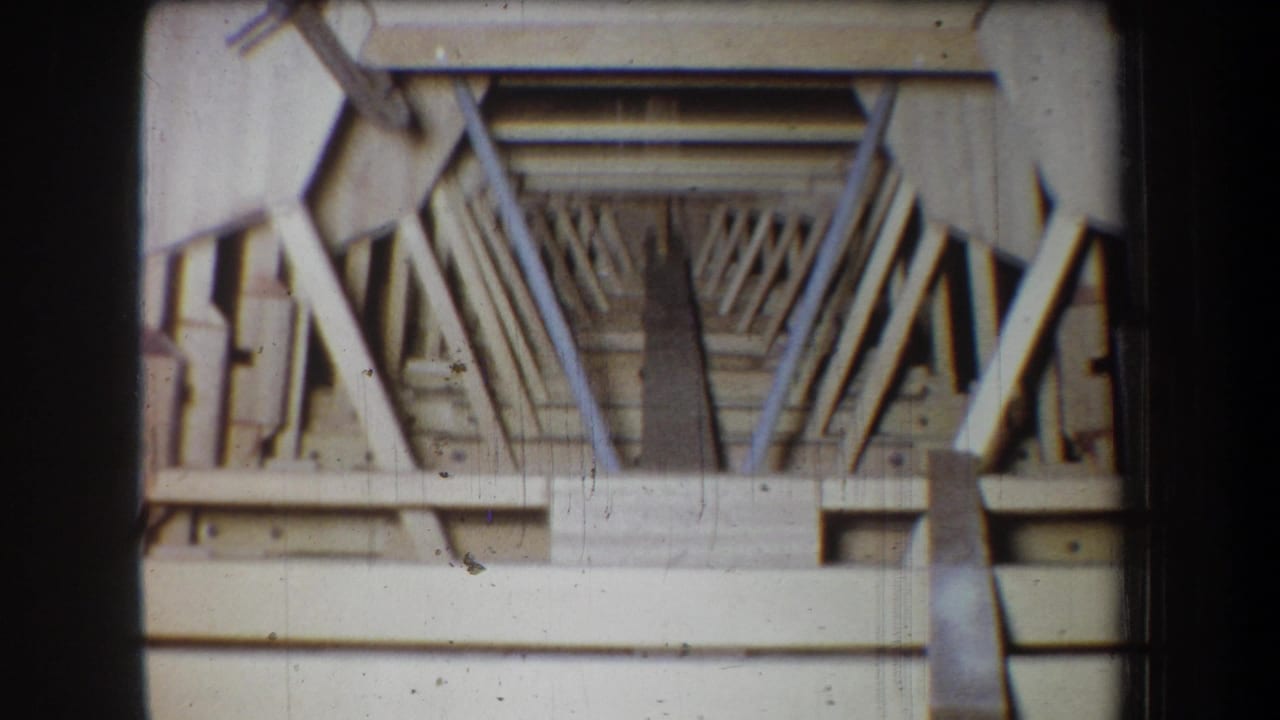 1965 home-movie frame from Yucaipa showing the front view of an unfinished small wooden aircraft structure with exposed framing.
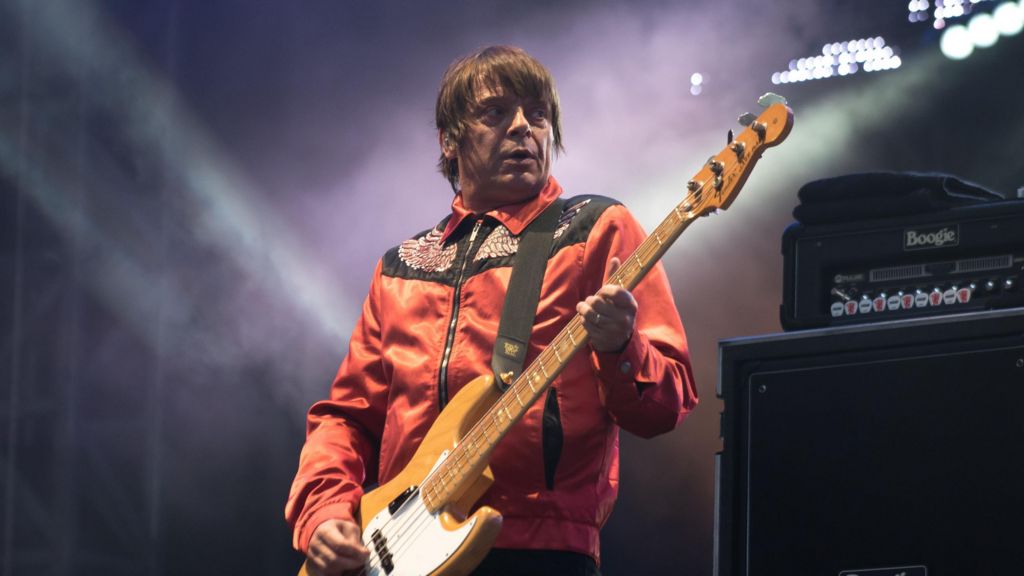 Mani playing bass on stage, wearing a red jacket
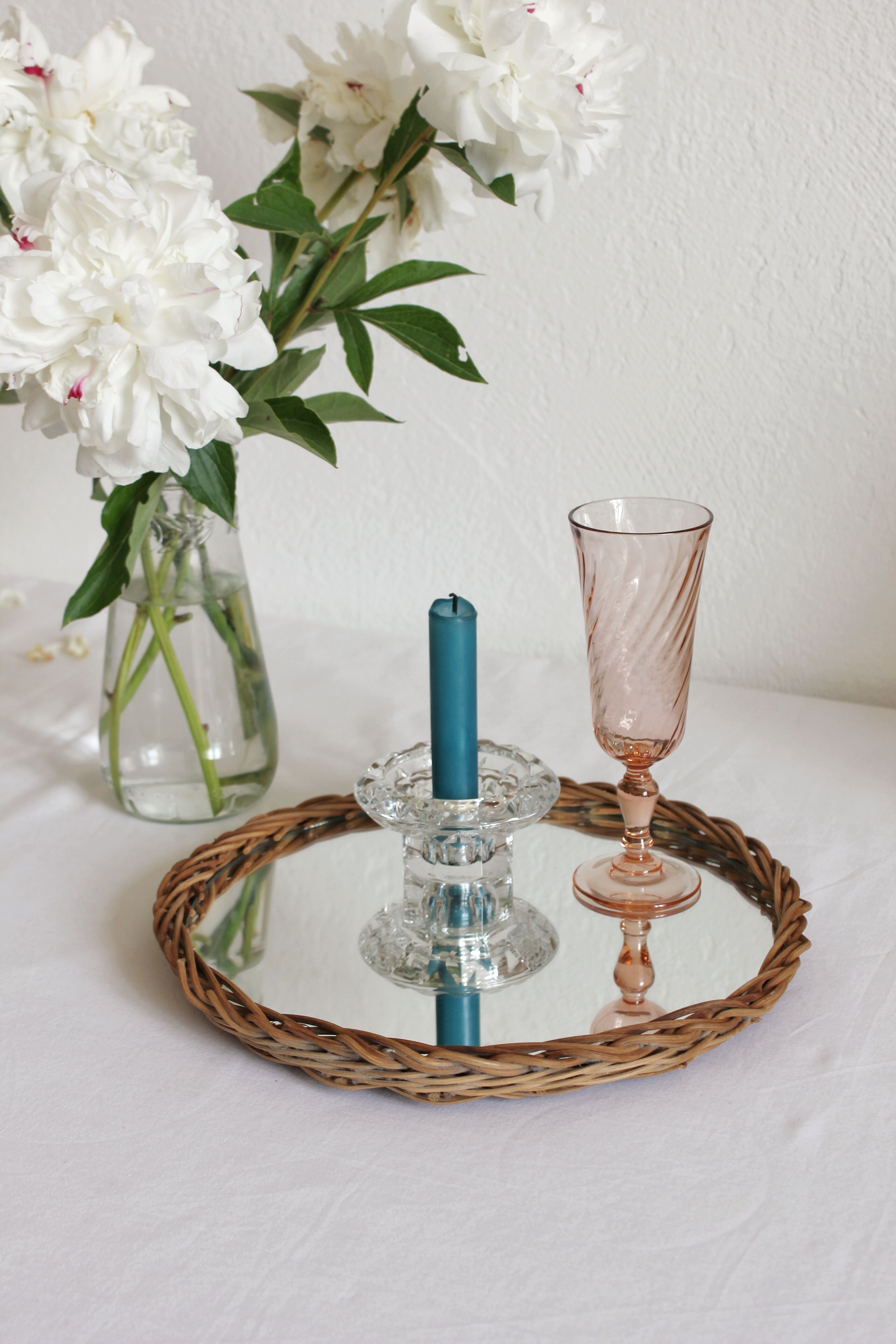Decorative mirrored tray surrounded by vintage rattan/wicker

> [PROBLEM DETAILS]
In the material above, retype exactly the lines that run from the one containing "Mani playing bass" through the last line, and keep out the pictures.

> [WRITTEN RESPONSE]
 Mani playing bass on stage, wearing a red jacket
Decorative mirrored tray surrounded by vintage rattan/wicker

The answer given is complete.